Power of crowdsourcing: Novel methods of data collection in psoriasis and psoriatic arthritis

Abstract

Crowdsourcing is a novel method of collecting research data from diverse patient populations. The quality of research data obtained through crowdsourcing is unknown. The primary aim of this pilot study was to examine how data collected from an online crowdsourcing World Wide Web site compare with those from published literature in psoriasis and psoriatic arthritis (PsA). Crowdsourced data were collected from a health crowdsourcing site from August 23, 2008, to June 27, 2011. The crowdsourced data were compared with findings from systematic reviews, meta-analyses, and clinical trials. A total of 160 online patients with psoriasis or PsA were included in the analysis. Among them, 127 patients with psoriasis provided 313 complete responses on psoriasis symptoms and 276 complete responses to psoriasis treatments; 33 patients with PsA provided 91 complete responses on PsA symptoms and 79 responses to PsA treatments. We compared topical treatments, phototherapy, and systemic treatments for psoriasis and PsA from crowdsourced data with the published literature.
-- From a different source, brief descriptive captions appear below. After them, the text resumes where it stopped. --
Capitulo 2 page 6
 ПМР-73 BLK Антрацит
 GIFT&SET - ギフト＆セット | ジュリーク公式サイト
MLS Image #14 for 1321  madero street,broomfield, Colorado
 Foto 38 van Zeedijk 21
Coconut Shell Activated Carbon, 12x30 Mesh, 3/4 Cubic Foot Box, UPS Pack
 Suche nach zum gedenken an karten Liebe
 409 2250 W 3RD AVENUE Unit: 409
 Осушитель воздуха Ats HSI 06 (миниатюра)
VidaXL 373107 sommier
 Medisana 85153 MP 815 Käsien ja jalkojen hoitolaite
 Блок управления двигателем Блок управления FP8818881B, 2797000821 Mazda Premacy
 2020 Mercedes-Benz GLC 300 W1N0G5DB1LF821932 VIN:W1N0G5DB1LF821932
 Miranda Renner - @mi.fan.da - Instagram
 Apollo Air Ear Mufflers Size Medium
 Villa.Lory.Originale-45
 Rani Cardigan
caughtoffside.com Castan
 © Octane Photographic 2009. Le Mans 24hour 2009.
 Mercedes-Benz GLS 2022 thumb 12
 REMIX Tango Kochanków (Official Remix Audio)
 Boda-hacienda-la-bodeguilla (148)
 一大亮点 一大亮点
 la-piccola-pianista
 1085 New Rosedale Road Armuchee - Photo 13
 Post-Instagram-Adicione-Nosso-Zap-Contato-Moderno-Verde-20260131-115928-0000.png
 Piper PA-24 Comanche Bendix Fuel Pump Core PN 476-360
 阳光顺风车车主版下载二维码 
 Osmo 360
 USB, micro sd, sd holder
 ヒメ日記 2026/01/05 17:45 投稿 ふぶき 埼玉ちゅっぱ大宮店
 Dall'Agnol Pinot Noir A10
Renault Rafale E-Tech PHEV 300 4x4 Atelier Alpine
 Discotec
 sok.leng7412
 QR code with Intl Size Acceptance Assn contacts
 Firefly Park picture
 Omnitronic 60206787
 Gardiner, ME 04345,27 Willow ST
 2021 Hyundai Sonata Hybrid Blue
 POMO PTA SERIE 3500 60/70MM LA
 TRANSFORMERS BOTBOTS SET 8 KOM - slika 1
For the treatment with the largest response rates, equivalency testing was performed comparing crowdsourced data and the published literature. Overall, crowdsourced data were not equivalent to those published in the medical literature. Crowdsourcing sites used different outcomes measures from those reported in clinical trials. Differences existed in assessment of treatment effectiveness between crowdsourced data and those published in the literature. With improvements in the collection of crowdsourced data, crowdsourcing can be a valuable tool for collecting patient data in real-world settings for psoriasis and PsA.